Return the records, each one exactly as written.

*** Opening Dataset content ***

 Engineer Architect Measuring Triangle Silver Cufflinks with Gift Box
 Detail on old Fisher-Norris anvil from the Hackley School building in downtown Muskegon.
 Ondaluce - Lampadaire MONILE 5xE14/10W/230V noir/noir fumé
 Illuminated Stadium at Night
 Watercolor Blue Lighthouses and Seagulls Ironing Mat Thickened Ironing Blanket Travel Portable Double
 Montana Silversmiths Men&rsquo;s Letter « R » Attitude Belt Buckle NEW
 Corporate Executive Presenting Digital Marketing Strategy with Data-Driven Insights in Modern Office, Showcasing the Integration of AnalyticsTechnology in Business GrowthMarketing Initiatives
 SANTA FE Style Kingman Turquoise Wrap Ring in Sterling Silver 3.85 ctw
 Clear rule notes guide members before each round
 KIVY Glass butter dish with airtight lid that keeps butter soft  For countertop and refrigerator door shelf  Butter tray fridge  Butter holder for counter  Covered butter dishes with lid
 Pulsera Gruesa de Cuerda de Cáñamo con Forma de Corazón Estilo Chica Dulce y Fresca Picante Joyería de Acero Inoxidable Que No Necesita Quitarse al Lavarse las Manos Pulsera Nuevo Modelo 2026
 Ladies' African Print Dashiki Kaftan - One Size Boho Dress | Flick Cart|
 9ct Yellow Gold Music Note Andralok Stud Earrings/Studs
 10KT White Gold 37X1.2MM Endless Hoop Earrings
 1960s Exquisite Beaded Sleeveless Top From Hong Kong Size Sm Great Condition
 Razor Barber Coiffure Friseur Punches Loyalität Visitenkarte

*** Closing Dataset content ***

Finished exercise:
 Engineer Architect Measuring Triangle Silver Cufflinks with Gift Box
 Detail on old Fisher-Norris anvil from the Hackley School building in downtown Muskegon.
 Ondaluce - Lampadaire MONILE 5xE14/10W/230V noir/noir fumé
 Illuminated Stadium at Night
 Watercolor Blue Lighthouses and Seagulls Ironing Mat Thickened Ironing Blanket Travel Portable Double
 Montana Silversmiths Men&rsquo;s Letter « R » Attitude Belt Buckle NEW
 Corporate Executive Presenting Digital Marketing Strategy with Data-Driven Insights in Modern Office, Showcasing the Integration of AnalyticsTechnology in Business GrowthMarketing Initiatives
 SANTA FE Style Kingman Turquoise Wrap Ring in Sterling Silver 3.85 ctw
 Clear rule notes guide members before each round
 KIVY Glass butter dish with airtight lid that keeps butter soft  For countertop and refrigerator door shelf  Butter tray fridge  Butter holder for counter  Covered butter dishes with lid
 Pulsera Gruesa de Cuerda de Cáñamo con Forma de Corazón Estilo Chica Dulce y Fresca Picante Joyería de Acero Inoxidable Que No Necesita Quitarse al Lavarse las Manos Pulsera Nuevo Modelo 2026
 Ladies' African Print Dashiki Kaftan - One Size Boho Dress | Flick Cart|
 9ct Yellow Gold Music Note Andralok Stud Earrings/Studs
 10KT White Gold 37X1.2MM Endless Hoop Earrings
 1960s Exquisite Beaded Sleeveless Top From Hong Kong Size Sm Great Condition
 Razor Barber Coiffure Friseur Punches Loyalität Visitenkarte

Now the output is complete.